Some of the things in formula are a bit confusing. The : is for interactions between two terms while the * is for main effects and interactions. The / is another one for interactions but what it does is generate an interaction between the numerator and all of the terms in the denominator (e.g. A/(B+C) = A:B + A:C). The | is for something like "grouped by". So, 1|station would be intercept grouped by station and in parentheses it's random (1|station). That's how you would do nesting.

Hopefully that's help. It's a bit odd to have a random effect nested within a fixed effect and I'm not sure how you'd represent that. I can't even imagine the situation.

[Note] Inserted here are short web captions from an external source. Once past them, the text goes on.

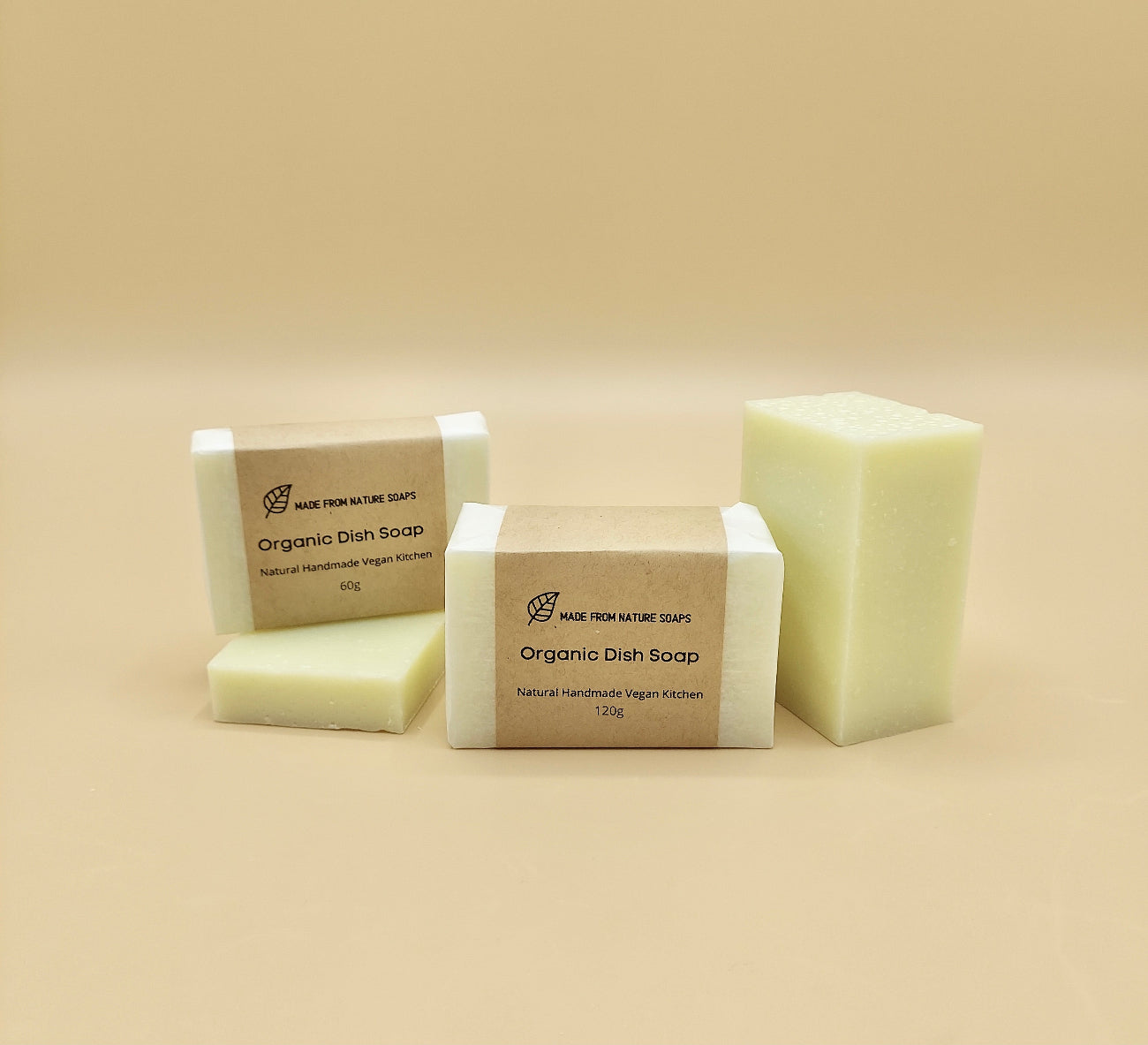 Bars of organic dish soap on a beige background Made with plant-based ingredients (such as coconut oil), they are free from harsh synthetic additives, parabens, and phosphates, making them gentle on hands and ideal for sensitive skin.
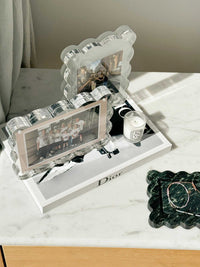 norsu Studio scalloped acrylic magnetic photo frames with sage background on marble surface displaying photos and decorative items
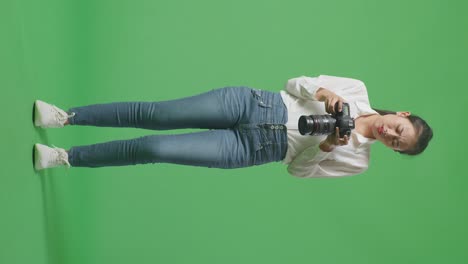 woman photographer on green screen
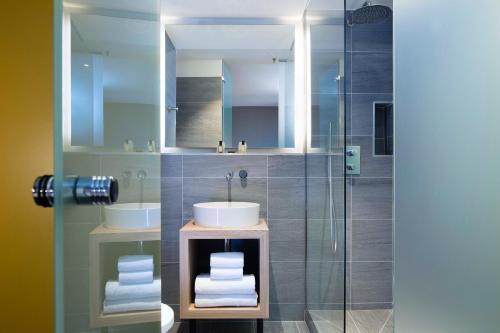 a bathroom with two sinks and a glass shower at ibis Styles Bourg La Reine in Bourg-la-Reine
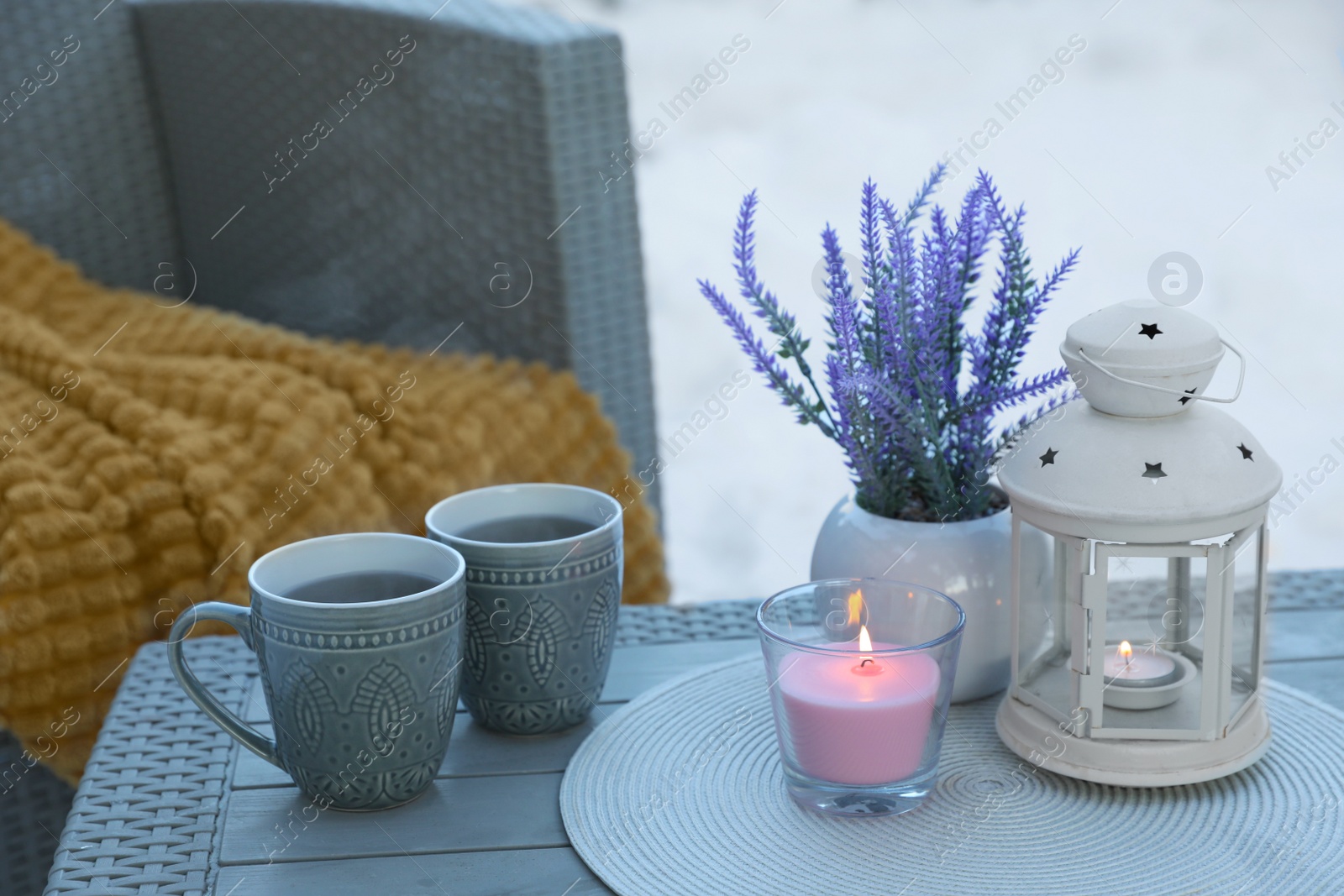 Photo of Burning candle, lantern, potted flowers and cups with hot drink on coffee table outdoors. Cosy winter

You might get a better response if you explain just what your variables are and what you want to accomplish. Lots of times people ask questions and are using the terminology wrong and it's hard to communicate. Explain what the variables represent and what you want to know about them.

Focusing on your your description in your last paragraph it sounds like your tow is simply an indicator of the samples you gathered and not something you need estimates of in the sense that you expect tow 1 to be consistently different from tow 2 in some way. Tow is just indicating a sample. Unless you really believe the order of tows mattered you don't even bother with that variable. And if they mattered then it's a fixed effect (and maybe random, but not a solely random effect). You say that you want to know if tows change in variability from day to day. How about the answer is yes? It's not in the realm of realistic probability that they don't vary from day to day. It's just the variance of your measures. You're not allowed to try to account for every spec of variance because then you wind up not having any variance left over for error. You'd have an over-specified model. You'd be at the point of just reporting each measure.

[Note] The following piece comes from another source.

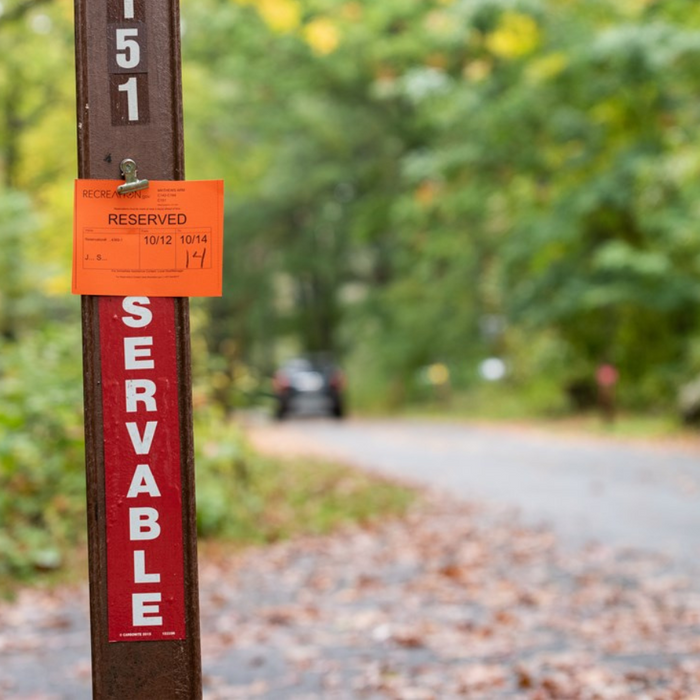 Campsite reservation sign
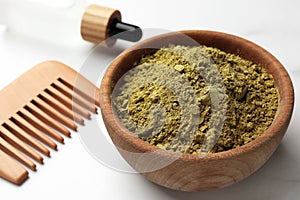 Bowl of henna powder, pipette and comb on white marble table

You make a similar statement about wondering if station varies by day; of course it does. But maybe you mean specific days? Were the days grouped in some way by season, lunar cycle, etc? Unless you have something other than just this is day 1, this is day 2, etc how does knowing that stations vary day to day tell you anything other than stations vary? So the answer to that question is, of course stations vary day to day. And of course tows vary day to day and station to station. You end up left with a simple model:

aov(y ~ station, data = dat)


The one fixed effect you have here, station, just is sampled over multiple tows and multiple days. I'm not sure you really need multi-level modelling here at all. It sounds like you're over-specifying your model.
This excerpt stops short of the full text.